BSP hikes banks’ discount loans

THE BANGKO Sentral ng Pilipinas has increased the interest rate it charges banks that avail of discount loans. The new rate took effect on May 9.

The interest rate on discount loans increased by 25 basis points, or from 4.25 percent to 4.5 percent on all maturities, the BSP said.

The increase in the discount rate came about after the BSP raised its overnight borrowing rate by 25 basis points, or from 4.25 to 4.50 percent.

The BSP has been pegging the discount rate to the interest rate it charges banks for overnight deposits.

The BSP offers discount loans to help banks in their lending operations.

The discount loans are backed by a borrowing bank’s receivables, which serve as collateral.

The amount of loans granted by the BSP is a discounted value of a bank’s collateral.

Last week, the BSP raised its overnight borrowing rate—the key policy rate that influences commercial interest rates—by 25 basis points, from 4.25 to 4.5 percent.

It was the second time the BSP raised the overnight borrowing rate this year. The first was in March, when the BSP implemented a similar 25-basis-point rate hike.

The rate increase was meant to temper the rate of rise in consumer prices, which has been accelerating on the back of rising global oil prices and growing consumer demand.

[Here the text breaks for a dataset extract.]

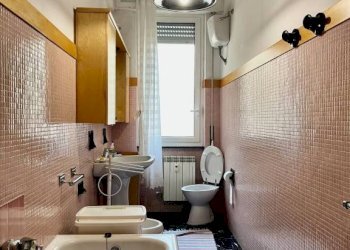 Bagno - Trilocale via Sant'Alberto, 7, Genova (zona Sestri Ponente) - foto 15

Higher interest rates are expected to ease demand for bank loans, thus slowing down credit-backed consumption and demand.

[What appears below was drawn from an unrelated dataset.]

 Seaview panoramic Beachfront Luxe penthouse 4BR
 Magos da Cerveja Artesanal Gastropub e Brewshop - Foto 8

Higher rates are likewise meant to encourage bank savings, tempering the growth in cash that may be used for consumption.

In April, inflation stood at 4.5 percent, the fastest in 12 months.

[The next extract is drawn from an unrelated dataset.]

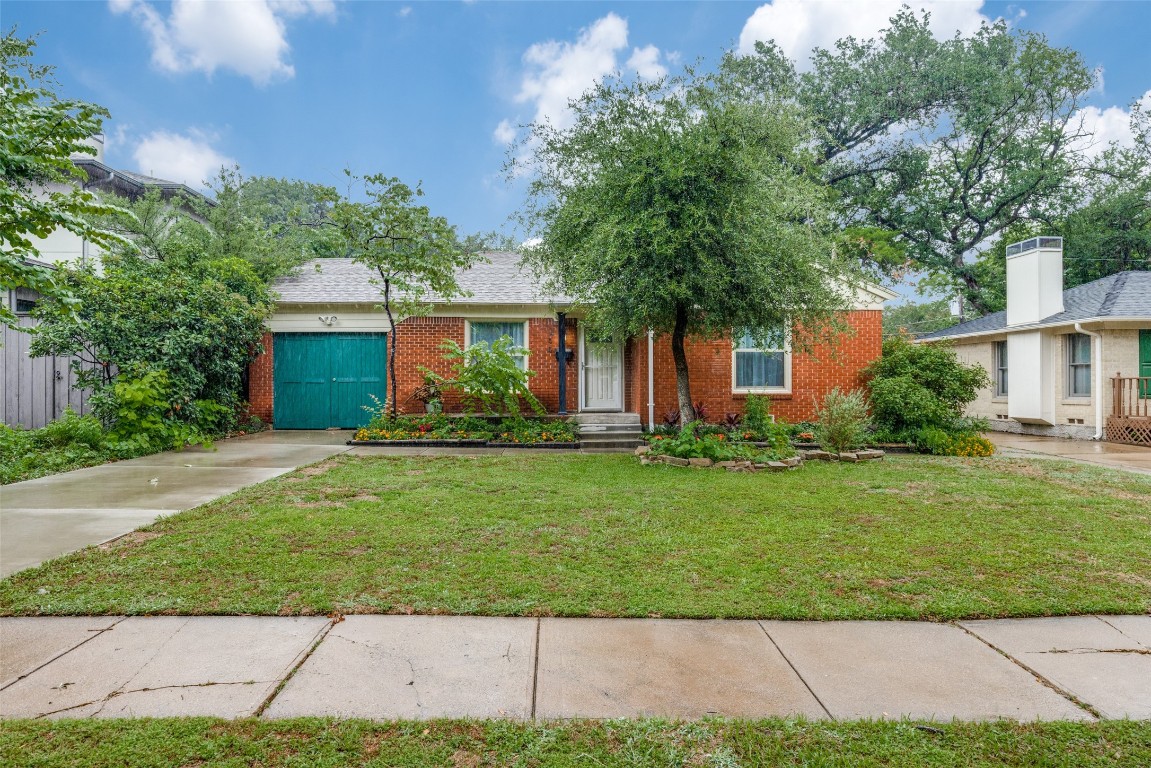 444 Parkhurst Drive Dallas TX 75218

As a result, inflation in the first four months averaged at 4.2 percent, still within the full-year ceiling of 3 to 5 percent but already faster than that of last year.

Monetary officials said that without the interest rate hikes implemented this year, inflation for the full year would have breached the 5-percent target ceiling.

Fuel prices in the world market has been rising due to the political tension in some oil-producing countries in North Africa and the Middle East.

Developments overseas have adversely affected countries that depend on imported oil.

The Philippines sources over 90 percent of its fuel requirements abroad, although it has other sources of energy.

Also, rising demand due to the economy’s expansion has been putting pressure on prices.

Consumer demand is expected to rise some more because of the increase in workers’ compensation.

According to the BSP, higher interest rates may ease inflation, but it will not substantially dampen the economy’s growth.